Kerry said he wanted to express to the Egyptian people "as clearly and as forcefully as I can in no uncertain terms, that the United States is a friend  of the people of Egypt, of the country of Egypt, and we are a partner."

Egypt's Foreign Minister Nabil Fahmy, who met Kerry earlier in the day, was present at the news conference and said: "I mentioned before that US-Egypt relations is going through turbulent time. Kerry’s comments today show positive signs."

Apart from Kerry's meeting with Fahmy, he was also expected to see Egypt's Army chief, General Abdel Fattah el-Sisi as well as the interim president, Adly Mansour, and civic leaders.

Kerry also played down Washington's suspension just weeks ago of part of its $1.5bn in annual aid to Cairo. "US-Egyptian relations should not be defined by assistance," Kerry said.

The United States said on October 9 it would withhold deliveries of tanks, fighter aircraft, helicopters and missiles, as well as $260m in cash aid to Egypt, pending progress on democracy and human rights.

Follow our ongoing coverage of the political crisis in Egypt

Political Turmoil

Kerry, who embarks on a Middle East tour lasting up to November 11, said this week he would visit Cairo to meet a "cross-section of civil society".

Kerry last was in Egypt in March, when he urged Morsi and his Muslim Brotherhood-backed government to enact sweeping economic reforms and stressed the importance of political inclusiveness. Those calls went unheeded.

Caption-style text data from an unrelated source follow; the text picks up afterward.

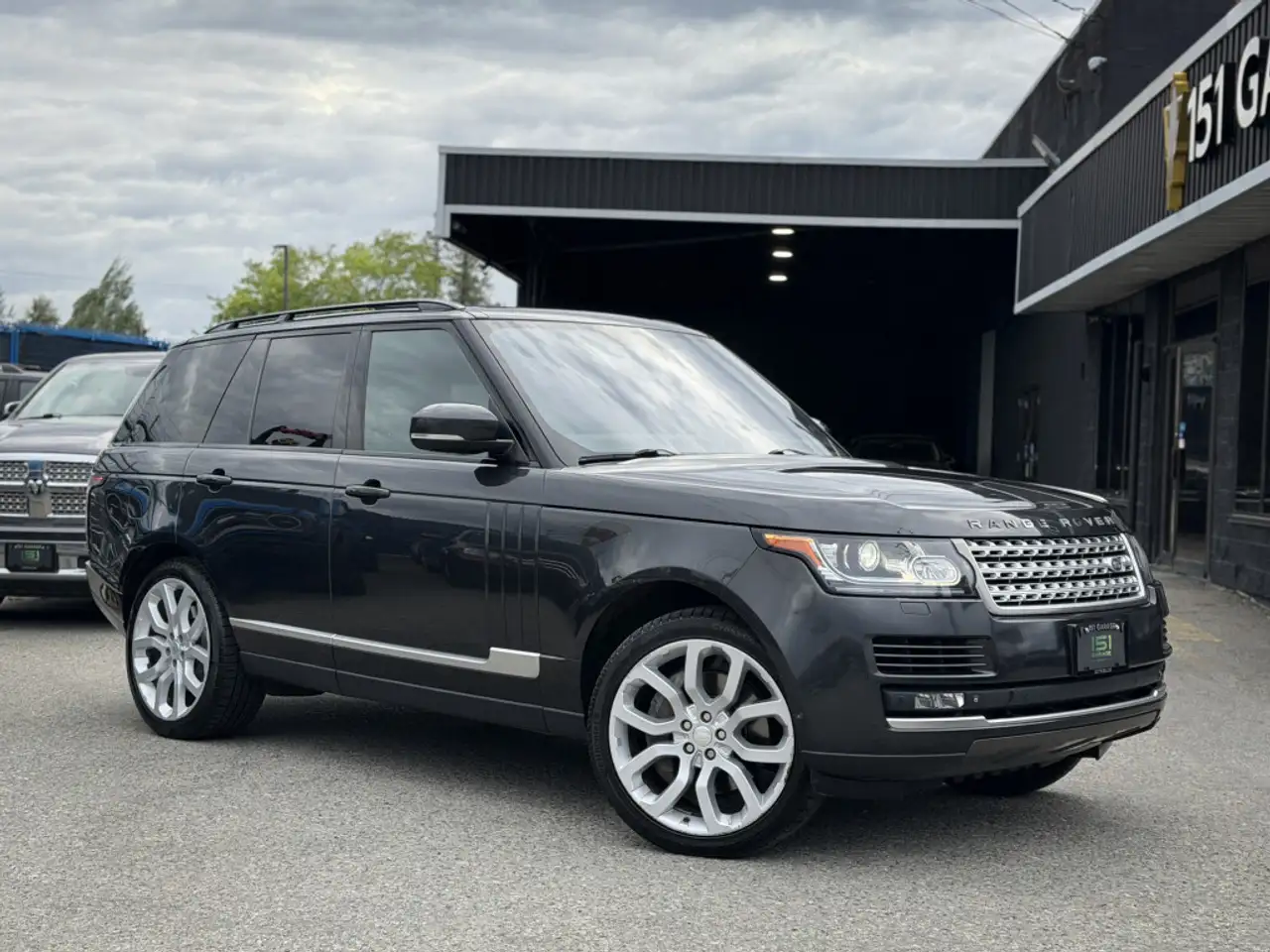 Land Rover Range Rover photo Land Rover Range Rover
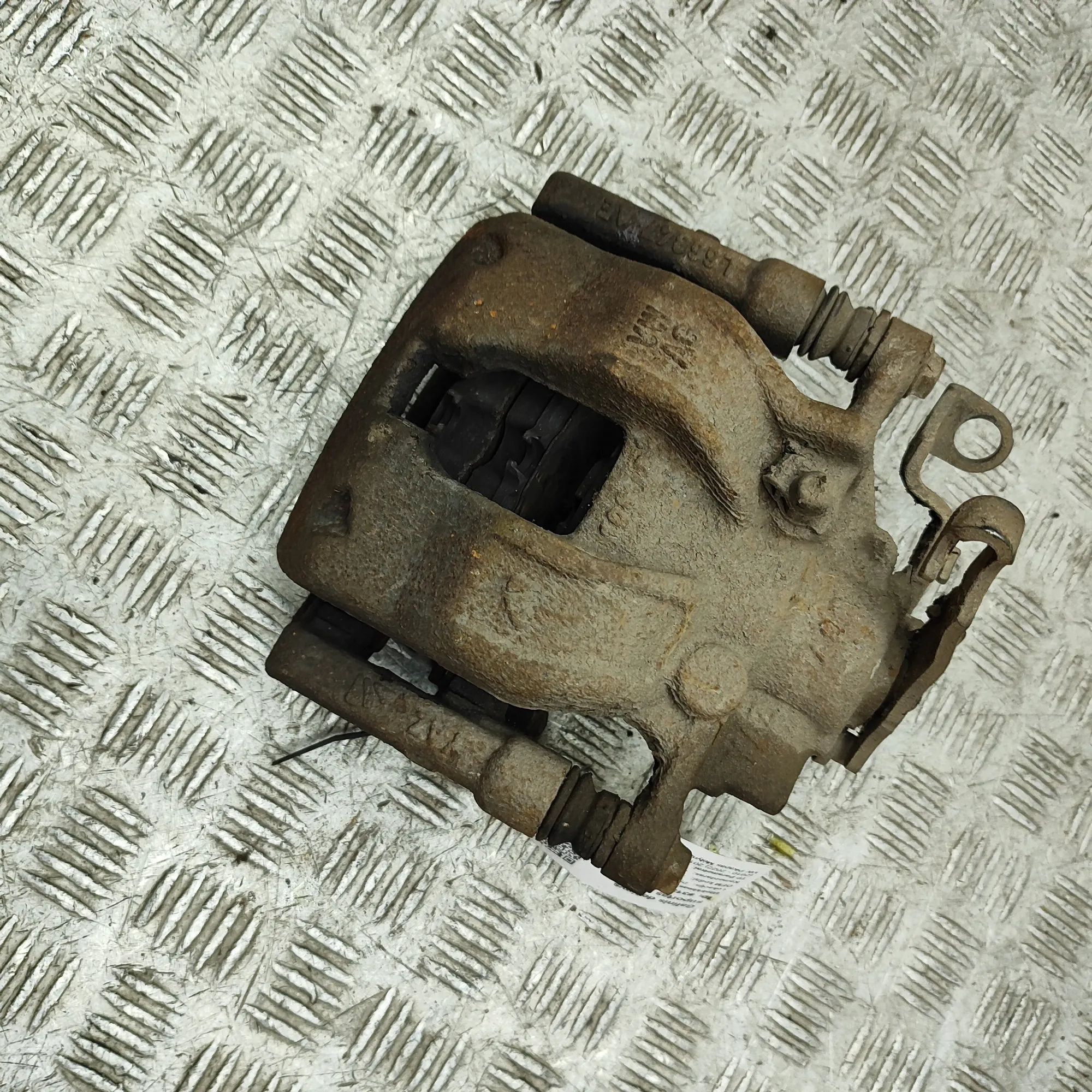 Volkswagen Amarok Brake caliper — rear right Brake caliper — rear right — VW AMAROK (2H_, S1...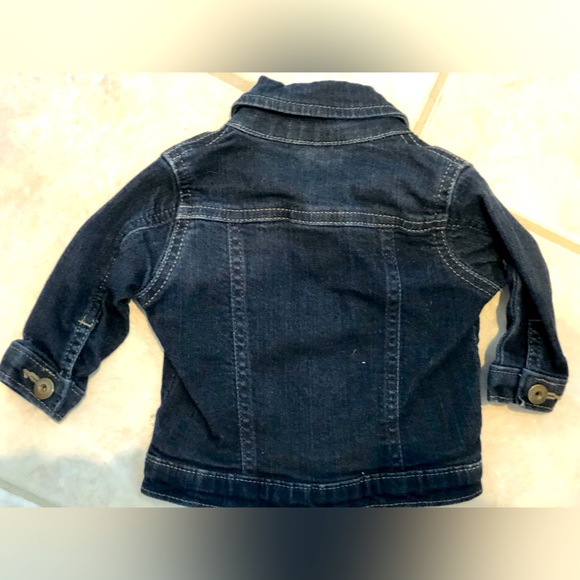 WRANGLER jean jacket sz 0-3m Snaps with spandex for comfort! Adorable - Picture 2 of 5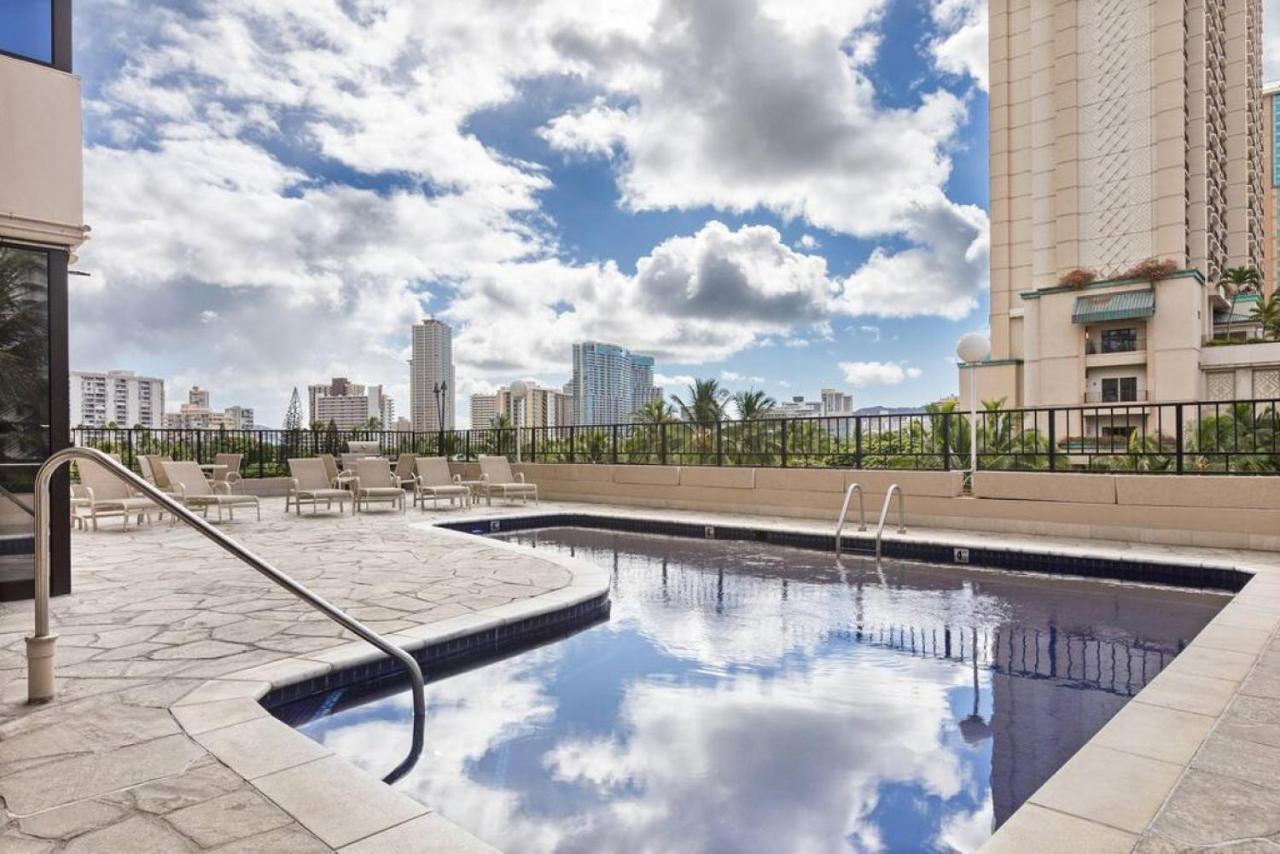 Incredible Location Free Parking In Waikiki Villa Honolulu Bagian luar foto
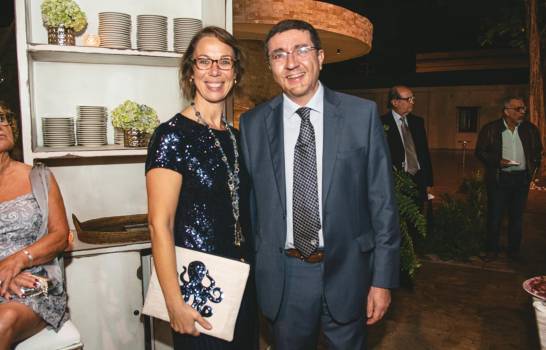 INICIA presenta libro de colección sobre la “Casa de los Vitrales”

Simmering public unhappiness with the president's rule boiled over when the powerful Egyptian military deposed Morsi in July 3 and established an interim government.

Washington has repeatedly urged the army-backed interim authorities to govern in a more inclusive manner, including the accommodation of the Muslim Brotherhood and restoring democratic rule.

It has instead taken harsher measures against Egypt's oldest Islamist movement. Hundreds of its backers have been killed and the Brotherhood's leaders are behind bars, leading to fears that some members of the group will take up arms against the state. 

Ongoing protests

Several hundred people protested in a few Egyptian cities on Friday, responding to a call from a pro-Morsi alliance for daily protests until the ousted president's trial begins on Monday.

Charges relate to the deaths of about a dozen people in clashes outside the presidential palace in December after Morsi enraged his opponents with a decree expanding his powers.

In Alexandria, seven people were wounded after residents clashed with Morsi supporters before security forces intervened, a security official said. Forty-five Morsi supporters were arrested.

Fighting also erupted in the Gisr al-Suez district of Cairo.

The Brotherhood and its allies have urged crowds to gather on Monday outside a police institute near Cairo's notorious Tora prison, where Morsi's trial is expected to take place.

Morsi has been held in a secret location since July. In that time fighters have staged almost daily attacks against security forces in the Sinai Peninsula and some fear an Islamist insurgency could spread to other parts of Egypt.